A woman had been working since 2013 at a large software company in Cologne, advising business customers on modern workplace software – the same role as at least six male colleagues at the same office. Those colleagues were classified at significantly higher job levels and paid accordingly. In June 2019 she formally requested salary information about her male colleagues for the years 2017 through 2020. Her employer refused.

Why did the court rule this way?

A quick note on how this works in Germany, since it may be unfamiliar: the Entgelttransparenzgesetz (Pay Transparency Act) gives employees the legal right to ask their employer what colleagues of the opposite sex earn for comparable work. This is meant to help uncover gender pay gaps. There is no equivalent federal law like this in the US or UK.

However, the BAG made clear that this right has firm limits. The law refers to the „preceding calendar year” – and the court interpreted that as meaning exactly one completed January-to-December year before your request was made. You cannot bundle several years into one request.

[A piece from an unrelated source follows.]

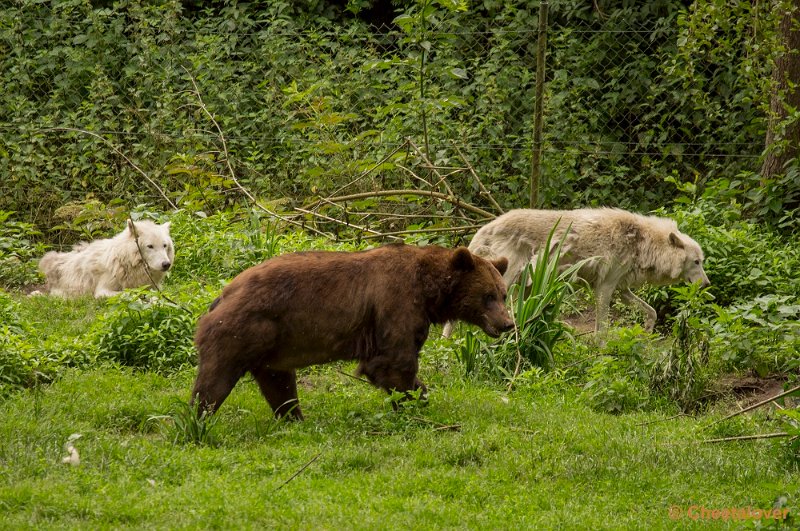 _DSC1423.JPG - Bruine Beer en Alaska Wolf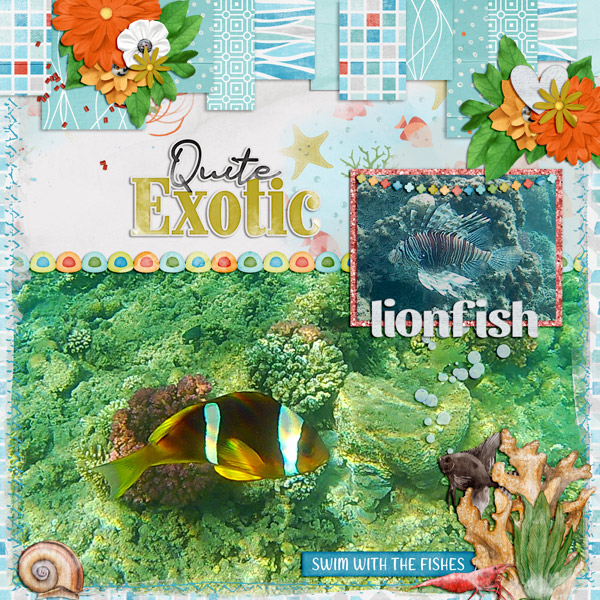 quite exotic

The reasoning is straightforward: the law deliberately balances the employee’s right to information against the effort required from the employer (or works council – Germany’s Betriebsrat, a mandatory employee representative body in larger companies) to compile the data. Limiting it to one year keeps that effort manageable while still giving you a reasonably current picture. A full calendar year is also cleaner for comparison purposes, since it captures annual bonuses and other variable pay components in full.

There is a second important limit the court confirmed: your right only covers your own workplace (Betrieb) as defined under German labour law – not the entire company. If your employer has offices in Munich, Hamburg, and Cologne, you only get data about colleagues at your own location. What people earn elsewhere is not covered.